The changes started in 2016 with the improvements on Wavenet and voice cloning: From that moment, it was clear that speech synthesis was about to change. Since then, we have seen quite a lot of improvements, but all of them are essentially based on cloning. But voice cloning is not the solution for virtual dubbing — we need new technologies developed to solve specific use cases, rather than adapting and stretching the existing tech to partially solve multiple use cases.
One of the most cutting-edge technologies enables computer generation of voiced lines. In fact, your work in that field won you the 2022 Innovator of the Year award at LocWorld Berlin. Can you tell us where that technology currently stands?
Our solution is not based on voice cloning: It is a new and more flexible tech, able to virtually synthesize and emulate any voice and any style in any language. We are currently finalizing the core dataset and the AI modules and are preparing the October launch of our first AI voice-dubbing application with core features and languages.

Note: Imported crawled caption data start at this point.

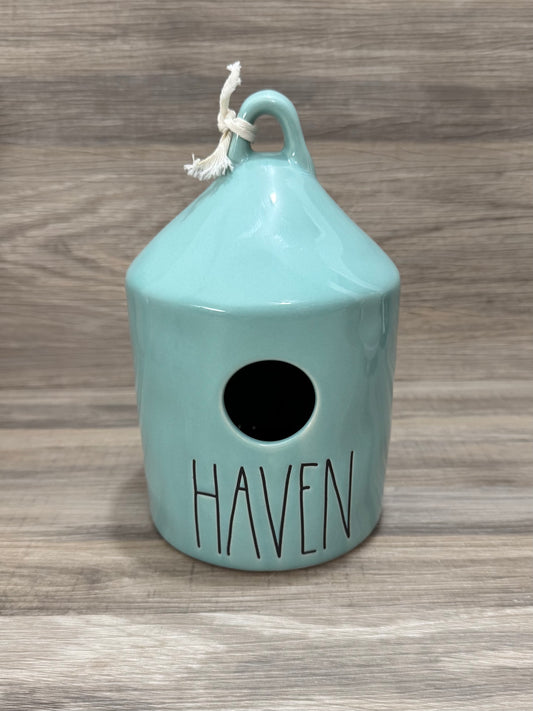 Rae Dunn Heaven Teal Birdhouse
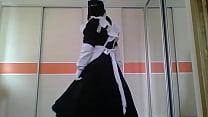 victorian maid in niqab playing on cam Konulu Porno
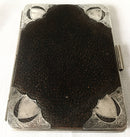 Edwardian gentleman's silver mounted leather card case. London 1903 Henry Marshall.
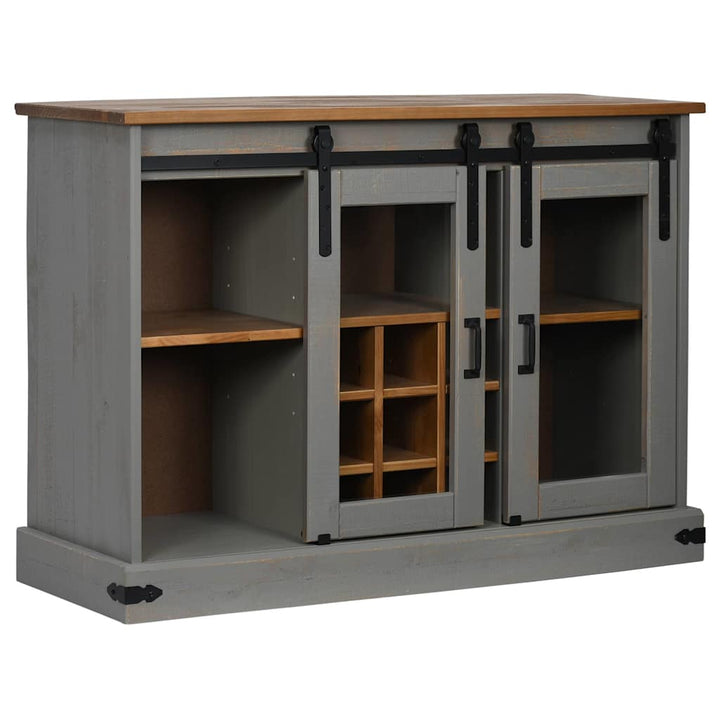 Ambrin Pinewood Sideboard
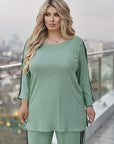 Ribbed fabric set with stripes , polyester 80%, lycra 2%, nylon 18%, моден и комфортен дамски комплект.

It seems to me this could have a tremendous impact on the entertainment industry and particularly in video games. How do you see this changing the status quo in the years to come?
While we believe that our solution is innovative and unique in the dubbing industry, there are multiple technology-based solutions that will change the way we work in the localization industry using data and AI. The past few years have been driven by innovation in the machine-translation space, but we will see more and more solutions in the voice space in the future.
I’m sure voice actors have their share of nervousness over potentially being replaced by AI, which speaks to a common anxiety throughout the language industry and, for that matter, multiple other industries. What’s your perspective on that?
Thank you for your question which allows me to better clarify our vision: Our primary aim is voicing the unvoiced content, the stories that now are still untold, simply because there are not enough resources to deal with all of them in the required time frame, in all the languages.
We see a very strong similarity with machine translation here: MT has been able to redefine the translation processes and bring more translated content to the global audience, but humans/experts in the loop remain a key element to produce quality output.
Machine dubbing looks very similar, with humans/experts always in the loop: There will just be more voiced content in multiple languages available to the final users. And while the process and the overall productivity will change, the human-produced voice will always be on top of the pyramid, delivering exceptional quality as usual.
Is there anything else you want to mention?
Just a final note to say that AI and data science will have a huge impact on all the processes that we currently have in place: Innovation will increasingly become part of our day-to-day experience. And the key will not only be represented by the new technologies, but especially by the way we will be able to softly and efficiently adopt these new technologies in our usual workflow.
Cameron Rasmusson is the editor-in-chief of MultiLingual Media.